Integration for Business & Investment Income of the Private Corporation (Part 1)
Concept of Integration
- Purpose is to prevent double taxation.
- Tax neutrality: No tax advantage or disadvantage among different business forms (corporation, sole proprietorship, partnership).
Scenarios of Taxation
- Scenario #1: Individual earns $10,000 term deposit interest.
- Files individual tax return, pays 40% tax, walks away with $6,000 after taxes.
- Scenario #2: Buys shares in a CCPC (Canadian Controlled Private Corporation) with $10,000 interest.
- Pays corporate tax (lower due to SBD) and dividend tax, walking away with $6,000 after taxes.
- Scenario #3: Buys shares in a public company with $10,000 interest.
- Pays higher corporate tax and dividend tax, still walking away with $6,000 after taxes.
Advantages of Incorporation vs. Individual Investment
- By investing via a corporation, tax can be deferred compared to an individual paying taxes immediately on interest.
- CCPCs benefit from lower tax rates and small business deductions, enabling reinvestment.
General Rate Income Pool (GRIP)
- Dividends from GRIP are "Eligible Dividends" and subject to 38% gross up.
- Assumed all income from public corporations is part of this pool.
- CCPCs can designate eligible dividends up to their GRIP balance.
GRIP Balance Calculation
- Add: GRIP balance at previous year-end, after-tax earnings not benefiting from SBD, eligible dividends received.
- Subtract: Eligible dividends paid.
Low-Rate Income Pool (LRIP)
- Represents income taxed at a lower corporate rate (13.8%) and under specific conditions for CCPCs.
- Includes non-eligible dividends subject to a 15% gross up.
LRIP Balance Calculation
- Add: Previous LRIP balance, after-tax earnings eligible for SBD, non-eligible dividends received.
- Subtract: Non-eligible dividends paid.
- Small Business Deduction (SBD): Reduces corporate tax rate for active business income.
- Refundable Part I Tax: Incentive measures for businesses.
- Dividend Refund: Facilitates redistribution of income to shareholders.
Small Business Deduction (SBD)
- Rate: 19% of first $500,000 of active business income for CCPCs.
- Net federal tax implications of SBD: Basic rate subject to federal and provincial abatement, estimation based on thresholds.
- Eligibility: Required to maintain CCPC status throughout the year; limited based on associated corporations' income.
Deeming Rules [ss.129(6)]
- Prevent income manipulation to obtain advantages from SBD by reclassifying rental income as active if connected with ABI.

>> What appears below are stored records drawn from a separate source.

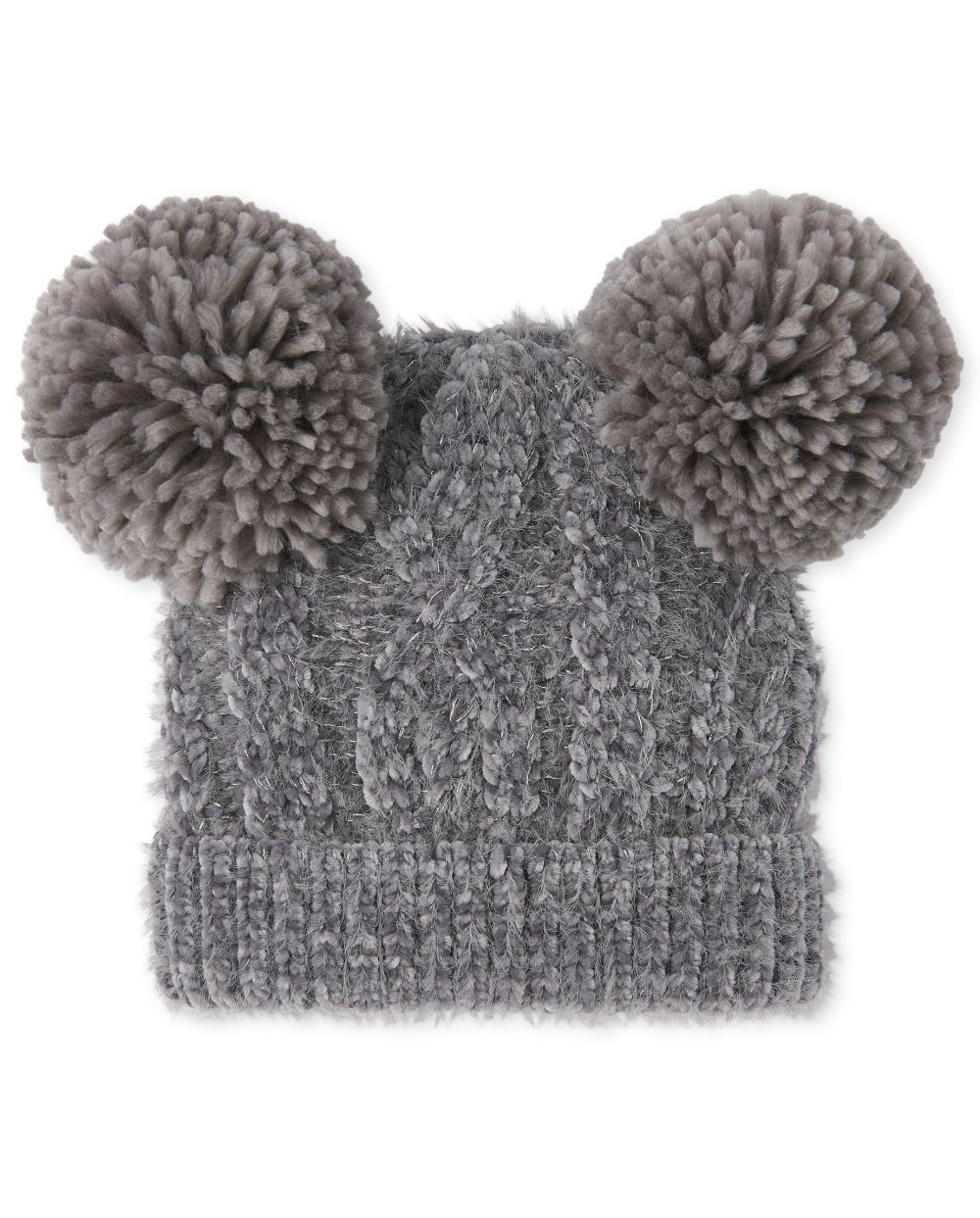 

Girls Cable Knit Chenille Pom Pom Beanie - Gray - The Children's Place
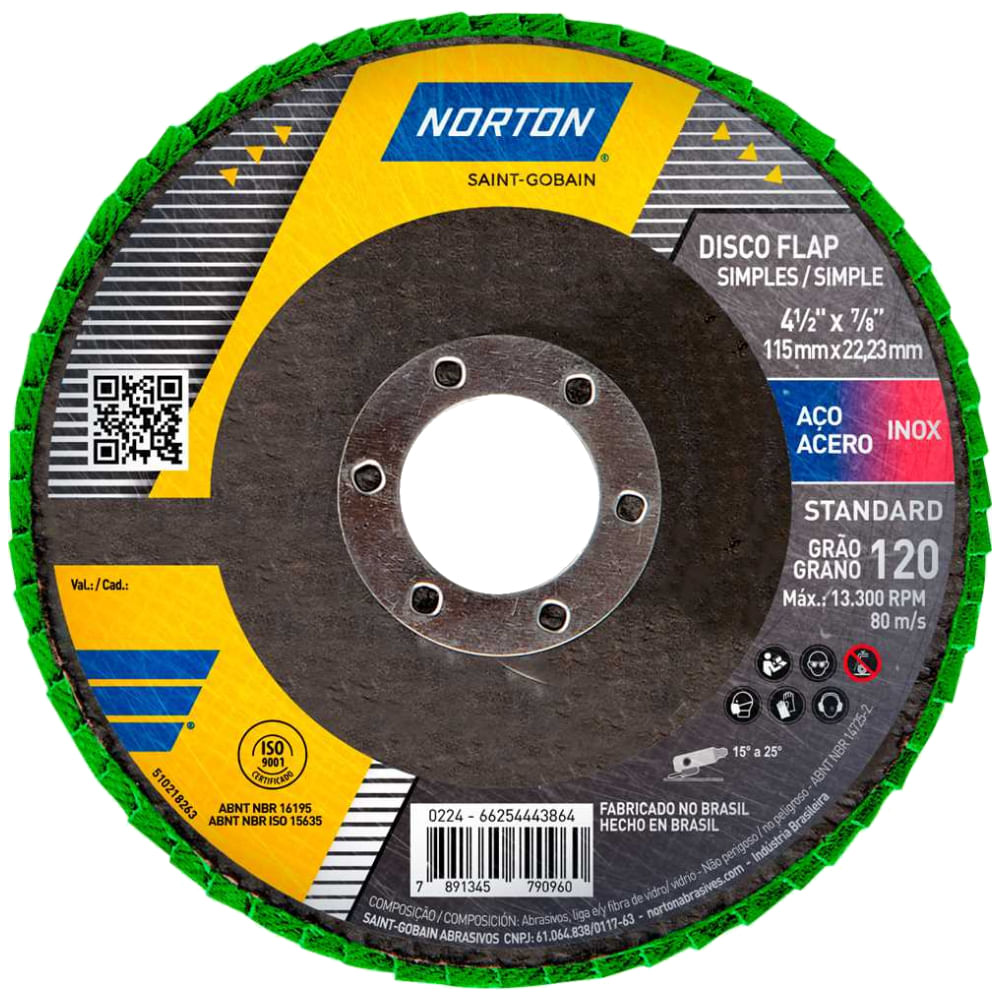Imagem do produto Disco Flap Fibra 4.1/2' Grão 120 R244 Standart 115x22,23mm 0120 - 66254443864 - NORTON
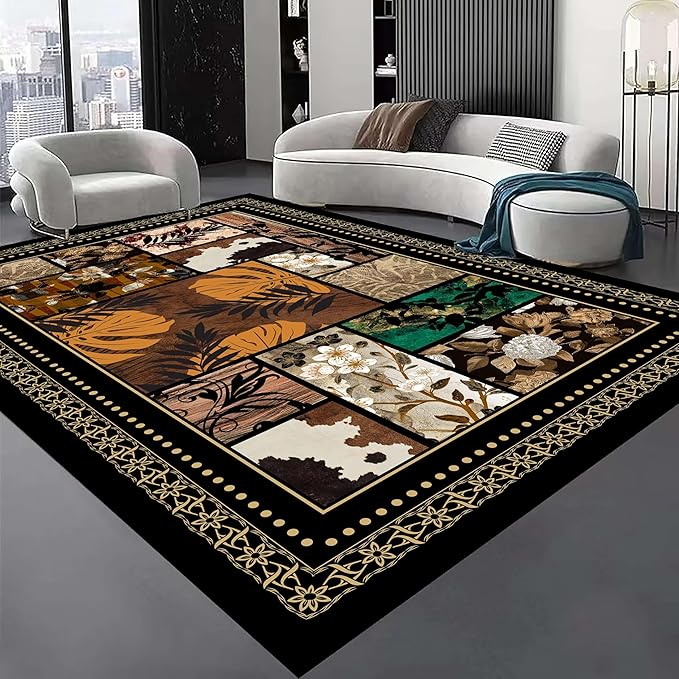 Floral Tropical Patchwork Area Rug 8x10ft, Vintage Black & Brown Country Carpet, Low Pile Non-Slip Mat for Cozy Bedroom, Dining Room, Farmhouse Decor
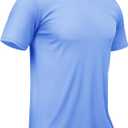 TACVASEN Swim Shirts for Men Rash Guard SPF Short Sleeve Sun T-Shirt UPF 50 Quick Dry Lightweight Fishing Water Shirt (Blue, XL)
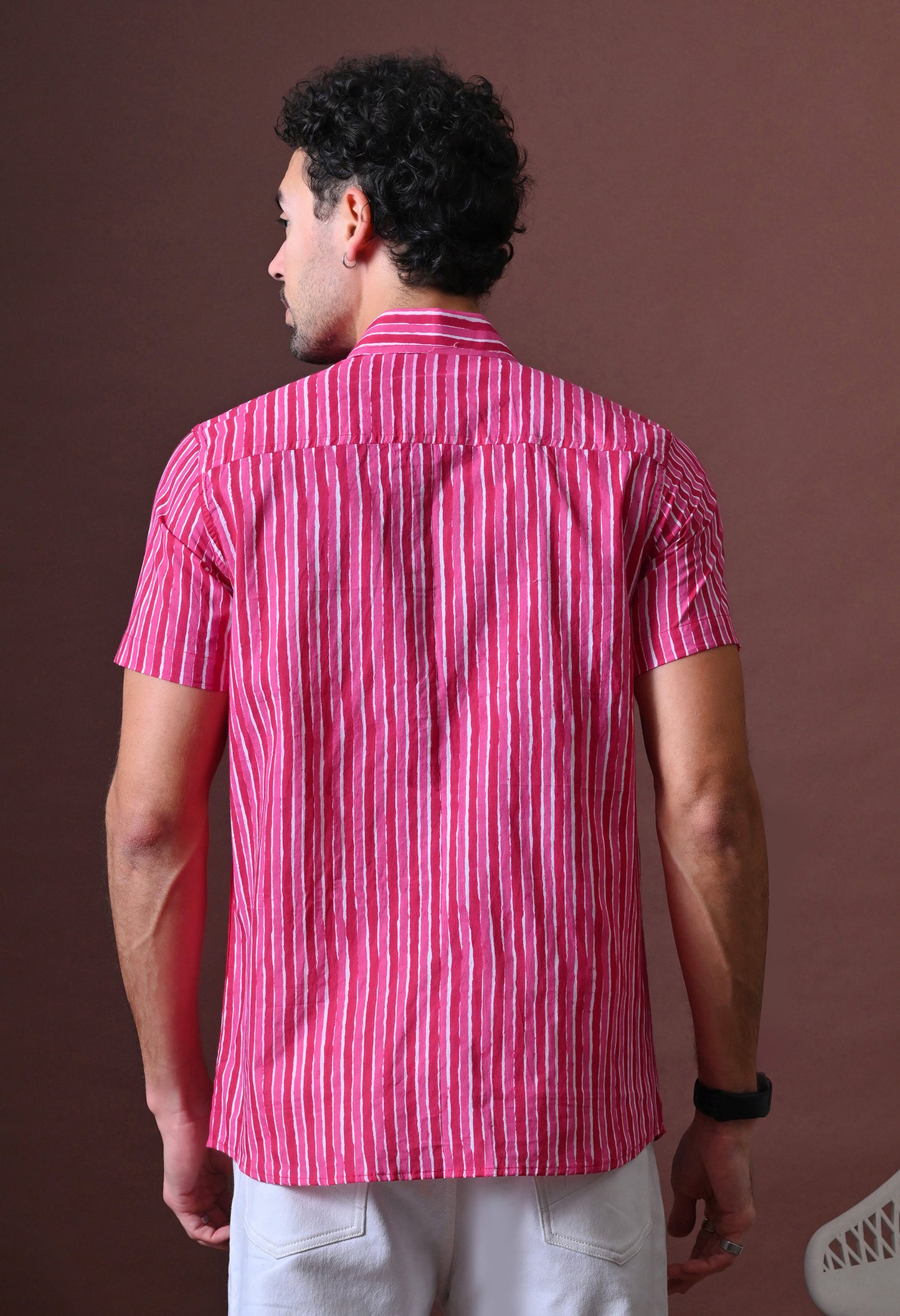 Ayaan - Striped Printed Cotton Shirt (Half Sleeve)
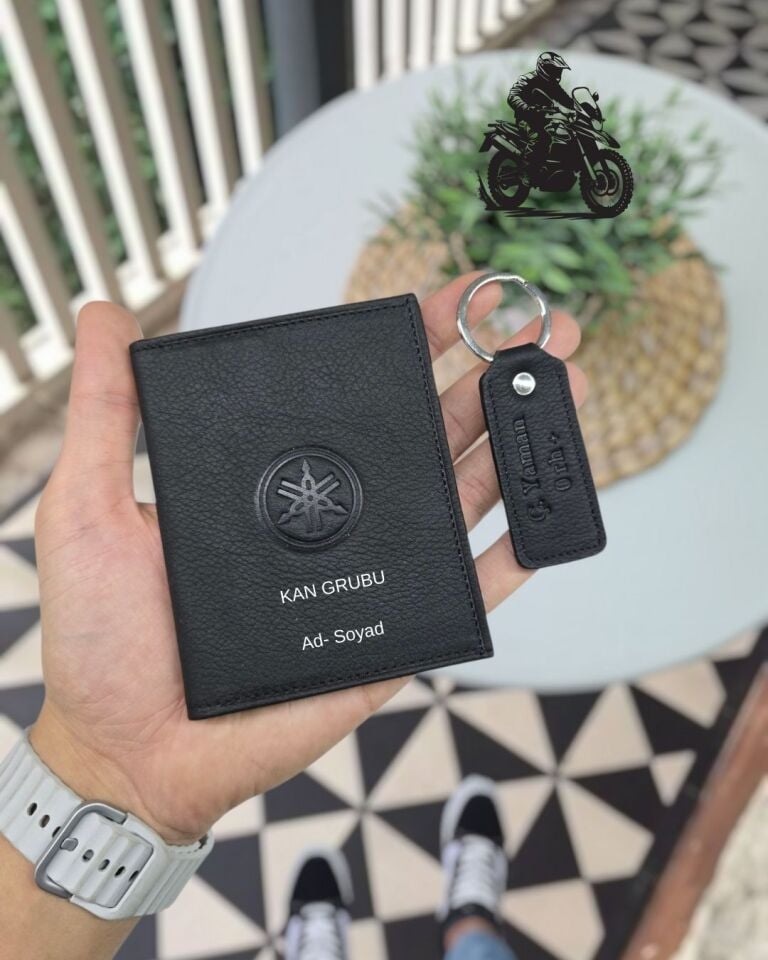 Yamaha MOTOSİKLET Hakiki Deri Ruhsat Kılıfı İsme Özel Çanta Erkek Kadın Unisex Modeli Visso Gerçek Dana Derisi SİYAH Renk + ANAHTARLIK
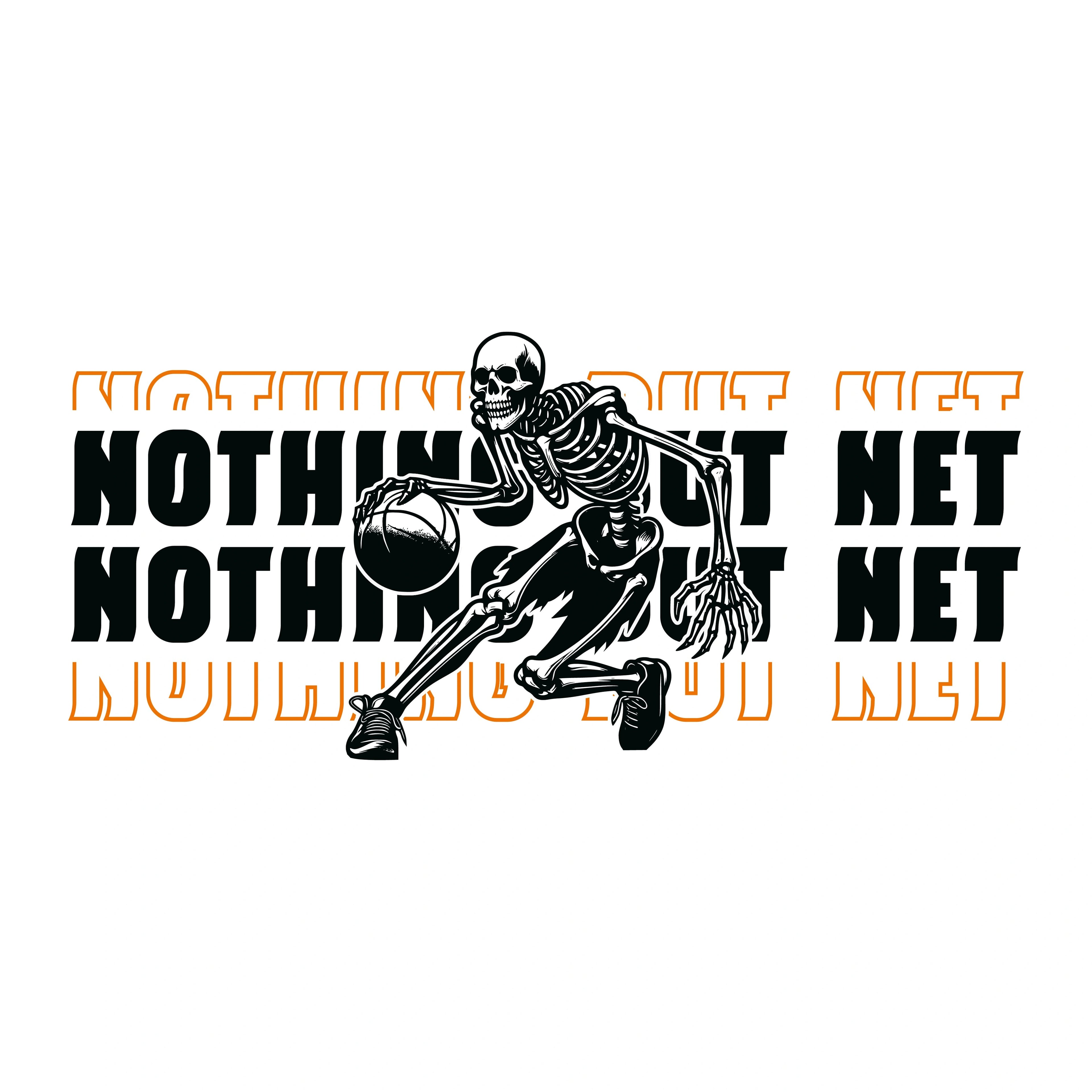 Redunk Nothing But Net Skeleton Basketball T-shirt featuring a skeleton playing basketball on a black fabric background.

- Existence of specified investment or personal services business results in ineligibility for SBD.
Calculation and Reduction of SBD
- SBD directly influences taxable income and business limits.
- Reduction formulas based on taxable capital exceeding $10M and Adjusted Aggregate Investment Income (AAII).
- Example illustrating different reductions using applicable formulas.
Definitions of Income Types
- Active Business Income (ABI): Any income from business except SIB and PSB.
- Specified Investment Business (SIB): Business primarily for deriving income from property with minimum full-time employees.
- Personal Services Business (PSB): Income earned providing services similar to an employee's position.
Ancillary Income
- Income from minimal non-business activities may be classified as part of active business income under certain conditions (interest from short-term investments).
Association Rules
- Focus on preventing multiple SBD claims through associated corporations.
- Definitions of related parties and control lack regularity, emphasizing shares and influence.
Associated Corporations Criteria
- Relationship through shared control, ownership, or combined interests resulting in association.
Control Types
- Direct Control: >50% ownership leading to legal control.
- Indirect Control: Influence through shareholding despite possessing less than 50%.
Look Through Rules
- Provides clarity on indirect ownership structure influencing control and association.
Incorporation Advantages & Disadvantages
Advantages:
- Tax deferral, income splitting, estate planning, limited liability, potential access to financing.
Disadvantages:
- Higher taxes at times, initial tax prepayment, and increased legal/accounting costs.